Campaigners have been in touch with several top lawyers to ‘discredit’ and stop a plan which could close Huddersfield’s A&E.
But lawyers cost money – and organisers of #HandsOffHRI are appealing for funds to pay them.
Campaign chair Karl Deitch and secretary Natalie Ratcliffe say they are confident the Right Care Right Time Right Place plan can be picked apart and stopped.
But finding a lawyer to mount a legal challenge against Greater Huddersfield and Calderdale CCGs (clinical commissioning groups) – the local NHS organisations behind the proposal – could cost upwards of £50,000.
A public consultation on Right Care Right Time Right Place (RCRTRP) is set to start on March 15.
The #HandsOffHRI began as Facebook group Let’s Save Huddersfield A&E, which now has almost 47,000 followers.

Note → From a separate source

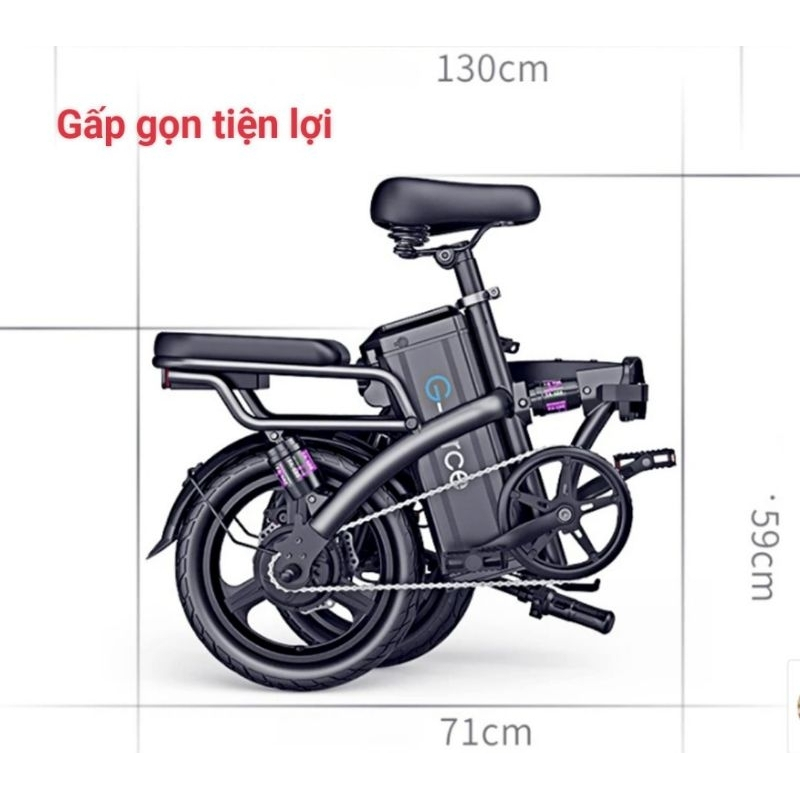 Xe đạp điện trợ lực G-Force C14 gấp gọn bỏ cốp tiện lợi. pin 9A đi 40km, có ghế ngồi sau, có khóa pin, BH 1 năm | BigBuy360 - bigbuy360.vn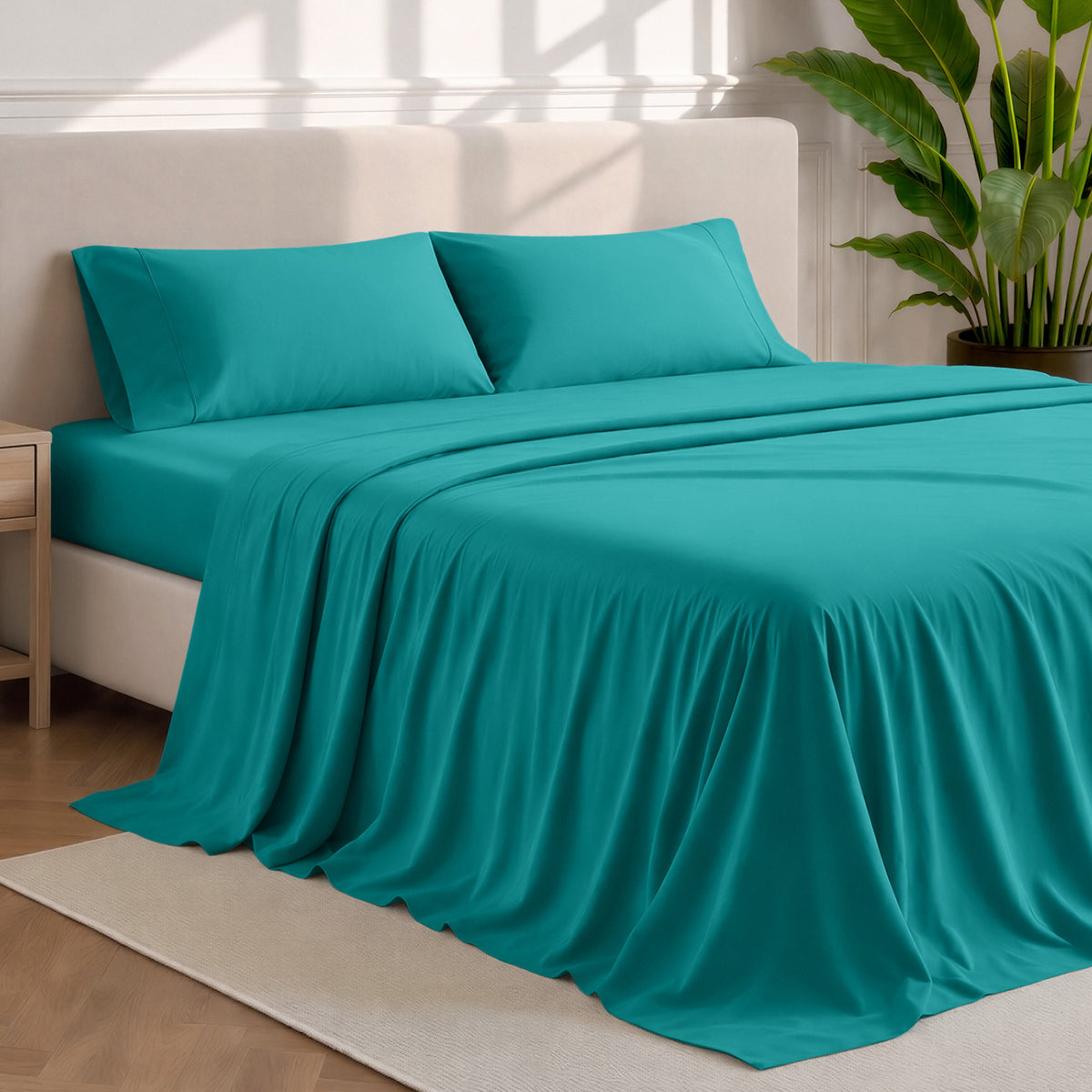 Microfiber sheets and pillowcases in a bedroom stetting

Ms Ratcliffe said: “If every one of those followers gives us £1 then we’re on our way.
“With a good lawyer we can pull this apart and stop it in its tracks.
“Once the consultation document comes out we need someone to go through it – someone who does it for a living and is qualified to do it.”
Ms Ratcliffe added, hopefully : “We want a barrister and if anyone is willing to do it pro bono, that would be great.”
Watch campaigners fight for Huddersfield A&E at the #HandsOffHRI rally — were you there?
Mr Deitch, who founded the campaign, said: “Having a lawyer on board is imperative.
“We’ve been told we need to discredit the CCGs.
“If a lawyer comes on board I don’t think it will be difficult.”
Under RCRTRP, the current Huddersfield Royal Infirmary will be demolished and replaced by a smaller hospital with an ‘urgent care centre’ but, crucially, without full emergency care services.
Emergency care services will be transferred to Calderdale Royal Hospital, Halifax, which will be expanded to focus on serious and life-threatening cases.
The successful Save Lewisham Hospital campaign received legal support from London firm Leigh Day, which specialises in medical negligence and human rights.
The firm helped launched a legal challenge against Health Secretary Jeremy Hunt’s decision to downgrade University Hospital Lewisham and close its A&E.
The High Court ruled Mr Hunt had acted unlawfully in trying to use the hospital to reduce the debts of another NHS trust.
Following the collapse of South London Healthcare NHS Trust in 2012, a government report suggested that the trusts’s three hospitals should be absorbed by neighbouring trusts.
The trust had fallen into £65m debt, largely due to a PFI.
The #HandsOffHRI campaigners believe that a PFI used to build Calderdale Royal Hospital – and which costs the hospital trust £22m a year in repayments and associated costs – is the real driver behind RCRTRP.